NEW YORK — Consulting firm Accenture plans to spend more than $200 million over the next three years to help train and educate disadvantaged people with job skills for the digital age.
“As a technology leader, we have an obligation to apply new scalable technology solutions to help solve complex societal challenges,” said Pierre Nanterme, Accenture’s chairman and CEO. “Our investments will continue to empower Accenture to produce socially minded partnerships and programs that will have a profound impact on the lives of millions of people throughout the world, now and for the future.”
Accenture’s commitment will help support Skills to Succeed, Tech4Good, Accenture Development Partnerships and related Accenture initiatives.
The company’s Skills to Succeed initiative advances employment and entrepreneurship opportunities, leveraging digital innovation to help close employment gaps at scale. Together with a network of nonprofits and other ecosystem partners, Accenture has since 2010 equipped more than 2.2 million people with the skills to get a job or build a business, with a goal of equipping a total of more than 3 million people by 2020. Examples of Accenture’s Skills to Succeed partnerships include:
- Helping Youth Business USA develop a platform that uses artificial intelligence and analytics to connect young entrepreneurs from under-represented communities with the resources, skills, training and mentoring needed to grow their business.

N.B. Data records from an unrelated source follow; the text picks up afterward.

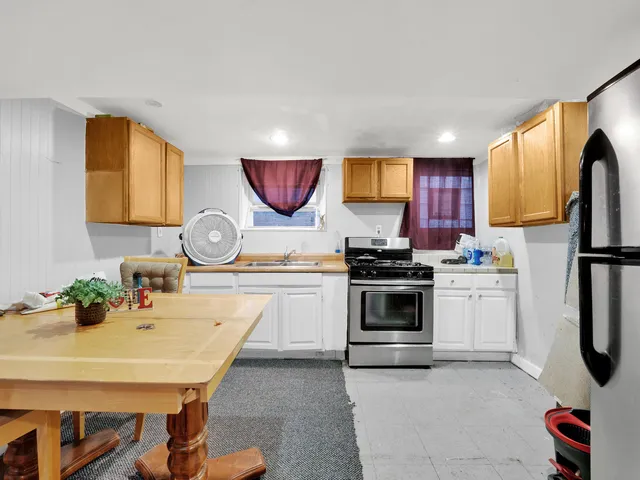 a kitchen with a appliances and cabinets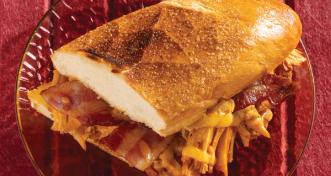 A warm, toasted chicken bacon ranch sub sandwich cut in half on a clear glass plate.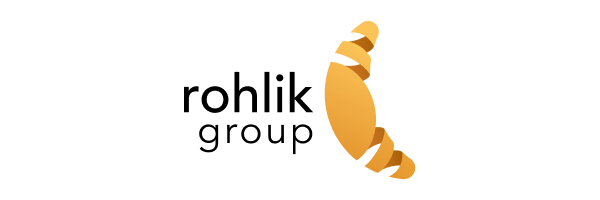 A close-up of a gold-colored pin with a curled design, attached to a black surface.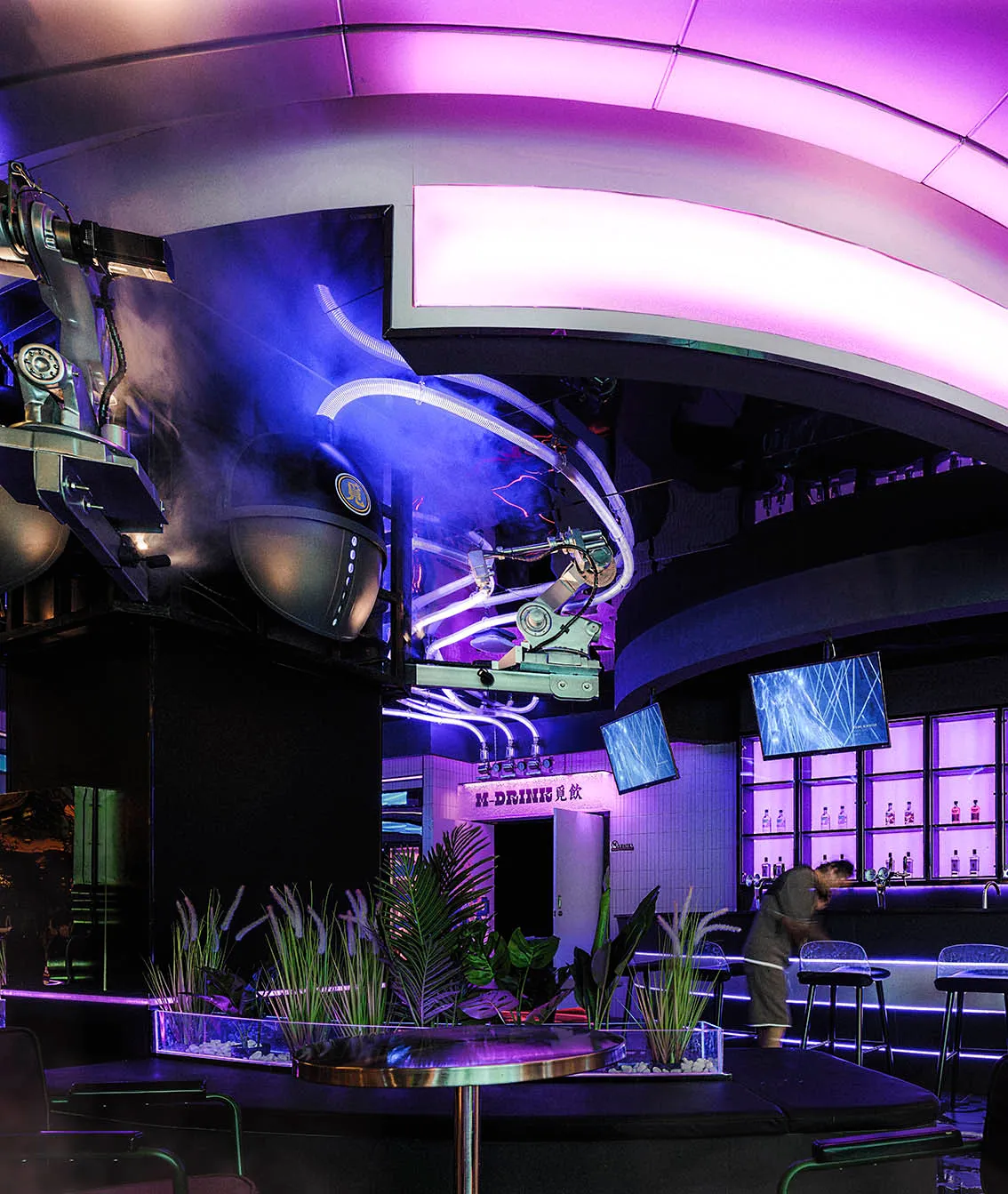 A modern bar area with a purple ambiance, featuring a circular table, chairs, potted plants, and a sleek bar with stainless steel or contemporary materials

- Working with Rede Cidadã and Instituto Ser Mais in Brazil to provide low-income populations with the business and technical skills they need to build meaningful, lasting careers in technology, including the opportunity to be hired by Accenture.
Accenture’s Tech4Good projects use advanced technologies to help solve critical challenges facing business and society. For instance, the company collaborated with The Grameen Foundation India, using technologies from AI to augmented reality, to help disadvantaged people improve their financial literacy to enhance their financial and social well-being. In collaboration with Club Egalité, Accenture Labs in Sophia Antipolis, France, is developing a virtual-reality game that helps primary and middle school students explore future-proof jobs and develop critical skills for the digital economy, with the goal of encouraging an interest in STEM careers.
Accenture Development Partnerships works across government, business and civil society, applying business and technology solutions to build capacity and strengthen programs for development organizations around the globe. For example, Accenture collaborated with the Spanish Ministry of Employment and a consortium of nonprofit partners and corporations in 2013 to create Emplea+, an online program that helps marginalized individuals develop technical, digital and soft skills needed for employment.
“The opportunity to improve lives requires collaboration across business, government and non-governmental organizations,” Nanterme said. “As leaders weigh new technologies and applications, we all must ask ourselves: Does this benefit the next generation? If the answer is yes, it’s the right thing to do.”